» **EXERCISE DETAILS**
Could you print every record exactly as it stands?

Short text fragments from websites
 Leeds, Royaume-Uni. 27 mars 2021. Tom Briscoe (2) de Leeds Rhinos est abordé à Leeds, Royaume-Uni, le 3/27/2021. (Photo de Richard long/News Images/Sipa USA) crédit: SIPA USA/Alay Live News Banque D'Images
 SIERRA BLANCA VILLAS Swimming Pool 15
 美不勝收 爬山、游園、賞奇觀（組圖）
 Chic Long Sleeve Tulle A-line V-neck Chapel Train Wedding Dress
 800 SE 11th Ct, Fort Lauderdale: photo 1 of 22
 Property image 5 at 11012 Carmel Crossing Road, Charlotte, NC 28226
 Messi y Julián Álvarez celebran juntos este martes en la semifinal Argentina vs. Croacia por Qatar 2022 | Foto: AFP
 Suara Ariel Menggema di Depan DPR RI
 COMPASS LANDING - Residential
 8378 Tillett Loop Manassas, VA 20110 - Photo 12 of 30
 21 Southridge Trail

» **RESPONSE FOR THIS EXERCISE**
 Leeds, Royaume-Uni. 27 mars 2021. Tom Briscoe (2) de Leeds Rhinos est abordé à Leeds, Royaume-Uni, le 3/27/2021. (Photo de Richard long/News Images/Sipa USA) crédit: SIPA USA/Alay Live News Banque D'Images
 SIERRA BLANCA VILLAS Swimming Pool 15
 美不勝收 爬山、游園、賞奇觀（組圖）
 Chic Long Sleeve Tulle A-line V-neck Chapel Train Wedding Dress
 800 SE 11th Ct, Fort Lauderdale: photo 1 of 22
 Property image 5 at 11012 Carmel Crossing Road, Charlotte, NC 28226
 Messi y Julián Álvarez celebran juntos este martes en la semifinal Argentina vs. Croacia por Qatar 2022 | Foto: AFP
 Suara Ariel Menggema di Depan DPR RI
 COMPASS LANDING - Residential
 8378 Tillett Loop Manassas, VA 20110 - Photo 12 of 30
 21 Southridge Trail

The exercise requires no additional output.